JOBS AHEAD
Wash out any empty baskets and pots and fill with new compost and a bright display to see you through winter. Ideal plants include cyclamens, heather, pansies, and violas.
Gather up fallen leaves and bag them up. Punch a few air holes in the bags, and store them behind a shed or garage, for up to 18 months, to make the most fabulous leafmould conditioner for your soil.
Check stacked bonfire piles carefully before lighting to make sure no hedgehogs or other wildlife are sheltering in the centre.
Dahlia tubers can be lifted after the first frost, cleaned off and stored in a cool, frost-proof place until next spring.
Deciduous shrubs that you wish to move to a new location can be dug up carefully and moved now.
Think about adding some winter aconite, Eranthis hyemalis, and crocus bulbs to your borders to feed early insects from January and February.
Squash and pumpkins can be gently raised onto bricks to keep them off wet soil and expose the skins to more sun in order to ripen well.
Plant garlic, onions, shallots, and spring cabbages in raised beds or free-draining soil over winter, then cover with fleece when the threat of frost looms.
If you choose not to plant anything over winter, rather than leaving vegetable beds bare, sow a green manure to add extra goodness to the soil and outcompete the weeds.
Cut fruited stems of autumn-fruiting raspberries down to the ground later in the month after fruiting.
Save money by ordering bare-root fruit canes, bushes, and trees to plant from now until early spring.
Divide established crowns of rhubarb which have become congested. Lift the clump with a spade then split into pieces, ensuring that each has at least one good bud for replanting. Plant 1m (3’) apart with the bud just above the level of the soil.

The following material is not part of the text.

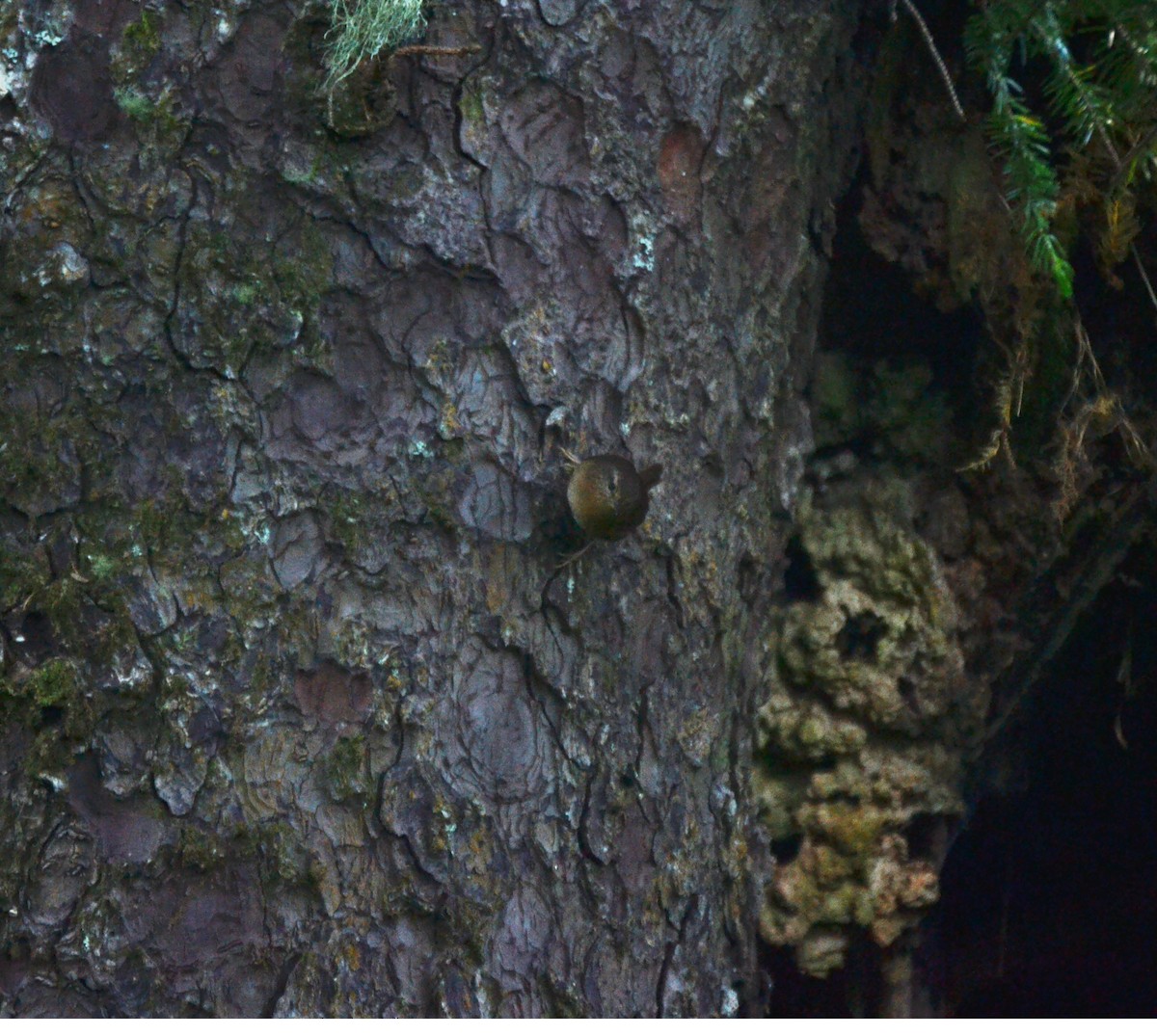 Brown Creeper - ML644473158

Wash greenhouse glazing to let in as much weaker autumn daylight as possible. Scrub down greenhouse staging with disinfectant to make sure pests and diseases do not have a chance to overwinter inside.
Pelargoniums should be brought indoors to a cool, light place, such as an unheated greenhouse or porch to over-winter. Cut them back hard with secateurs to 10cm (4”).
Tropical plants should also be brought under cover to protect them from damaging winds and wet, winter weather.
Large clumps of herbs such as chives, marjoram, and lemon balm can be lifted, divided, and replanted in new clumps to bulk up for next year.
Take cuttings of shrubby herbs like lemon verbena, thyme, and rosemary to pot up and increase stock.